14/05/1629

 
English | Nederlands

14 - 05 - 1629

Presentielijst:

Gelderland:
Holland:
Zeeland:
Utrecht:
Friesland:
Overijssel:
Groningen:

Resoluties:

1 De gedeputeerden van Holland hervatten hun verklaring over het gisteren opgeschorte punt inzake de tijdelijke sluiting van de licenten naar Brabant en de aangrenzende gebieden.
Na resumptie van de adviezen besluiten HHM om buiten het reeds opgelegde verbod van de uitvoer van goederen, de licenten gedurende veertien dagen te sluiten vanaf 17 mei. Deze sluiting omvat alle levensmiddelen die over de Schelde en de Maas naar Sas van Gent en Brabant tussen genoemde rivieren vervoerd worden, zowel over land als over water. De provincies worden van deze beslissing op de hoogte gebracht. De Admiraliteiten wordt geschreven zich te houden aan de sluiting en hun kantoren op dit punt te reguleren. De gouverneurs en de commandanten in genoemde kwartieren krijgen het bevel streng op sluik en overtredingen toe te zien. Overtreders zullen streng worden gestraft conform de eerder uitgevaardigde plakkaten tegen de uitvoer van eetwaren.

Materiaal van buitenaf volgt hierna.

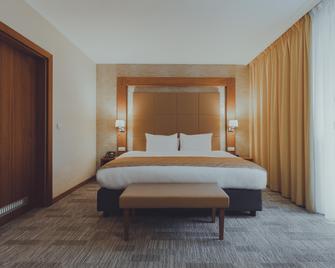 هوليداي إن سوكبي، آن آي آيتش جي هوتل - سكوبي - غرفة نوم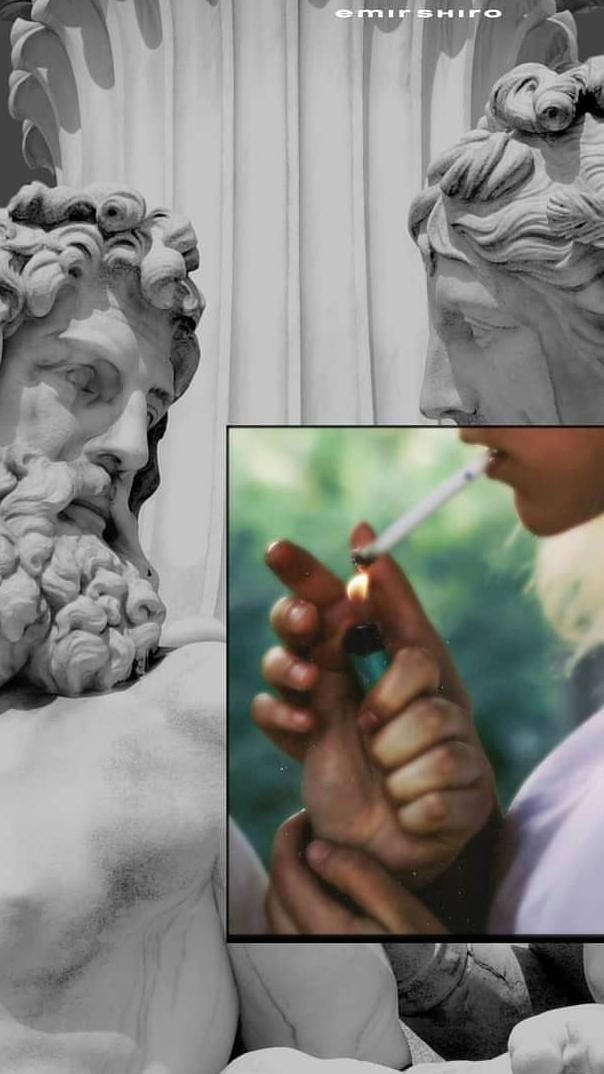 A Statue Of A Man Smoking A Cigarette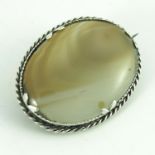 An Arts and Crafts silver and agate brooch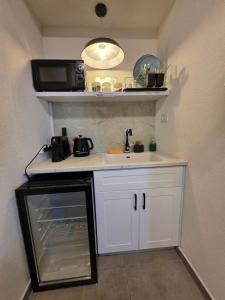 Kuchyň nebo kuchyňský kout v ubytování צימרים סוף העולם 3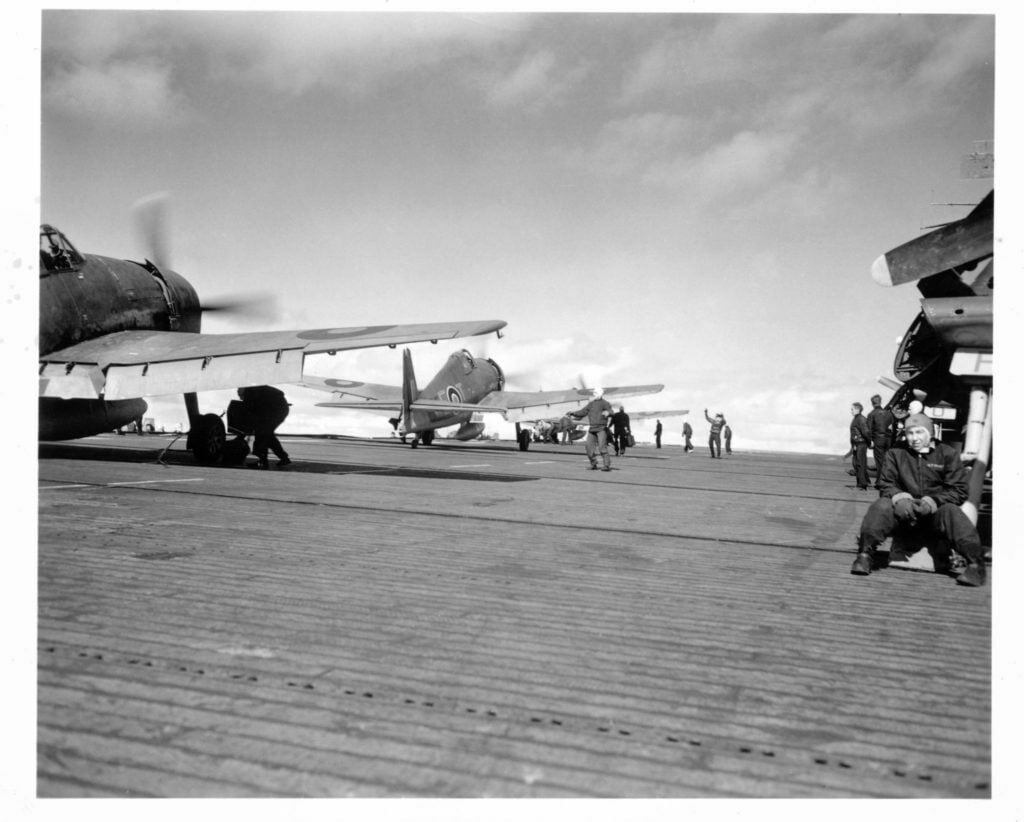 Hellcats waiting to take off from HMS Emperor.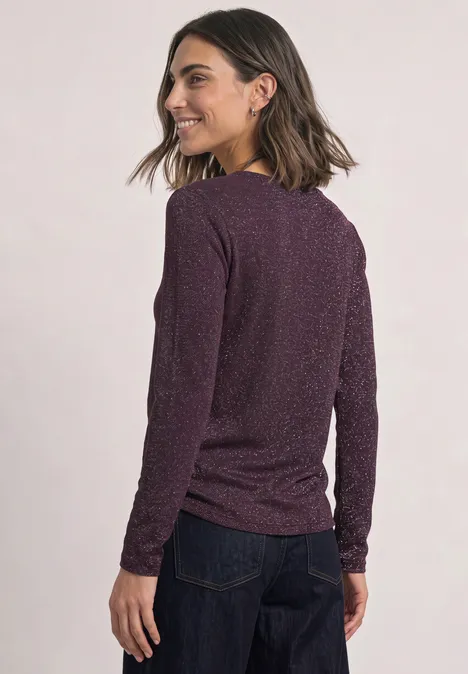 Langarm Shirt mit Boat Neck und Glitzer berry plum Eine Frau in dunkelviolettem Pullover und Jeans, von hinten fotografiert, schaut über die Schulter und lächelt.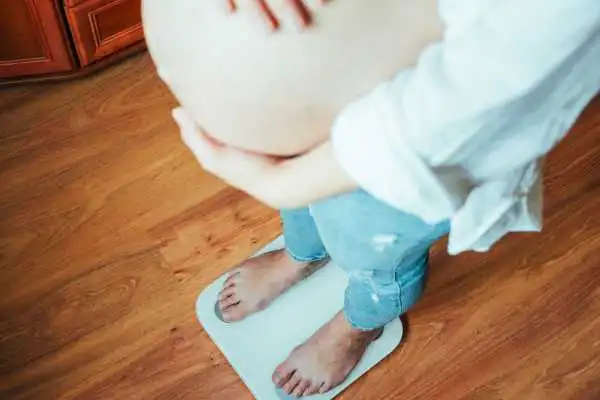 Image of woman weighing herself and experiencing weight gain through pregnancy Blackheath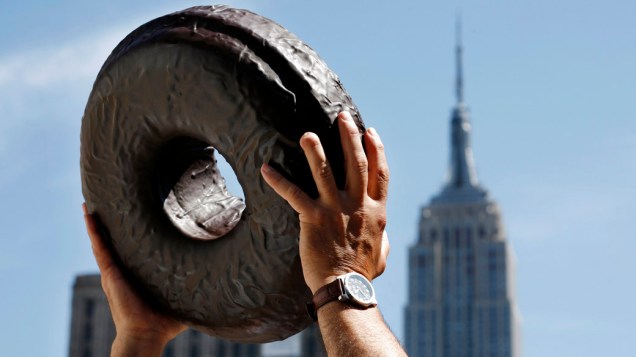 Americano segura um Donut gigante no 75º Dia Nacional do Donut, em Nova York Americano segura um Donut gigante no 75º Dia Nacional do Donut, em Nova York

2 De Admiraliteit te Amsterdam schrijft d.d. 12 mei dat zij in opvolging van wijlen Natan Clantier Daniel Clantier, burger van Arnhem, en Tobias Harmensz., burger van Haarlem, nomineert als controleur van het kantoor van de konvooien en de licenten in Arnhem.
HHM kiezen Daniel Clantier als nieuwe controleur en depêcheren commissie, waarop hij de eed aflegt.

3 De ontvanger-generaal, ter vergadering aanwezig, noemt HHM de provincies die hun quote in de twee eerste vijfden van de legerlasten van dit jaar waarvan de decharges op 7 maart zijn uitgegaan, nog niet betaald hebben.
HHM zullen deze provincies schriftelijk aanmanen deze alsnog te voldoen, conform de resolutie d.d. 12 mei.

4 HHM zullen de provincies eveneens aanmanen de subsidies voor de oorlog te water te betalen.

5 Alle provincies, op Zeeland en Friesland na, verklaren over de consenten voor de oorlog te land en te water een besluit te hebben genomen.
De Staten van Zeeland en die van Friesland wordt verzocht hun gedeputeerden in de vergadering van HHM te gelasten de besprekingen over de consenten te starten.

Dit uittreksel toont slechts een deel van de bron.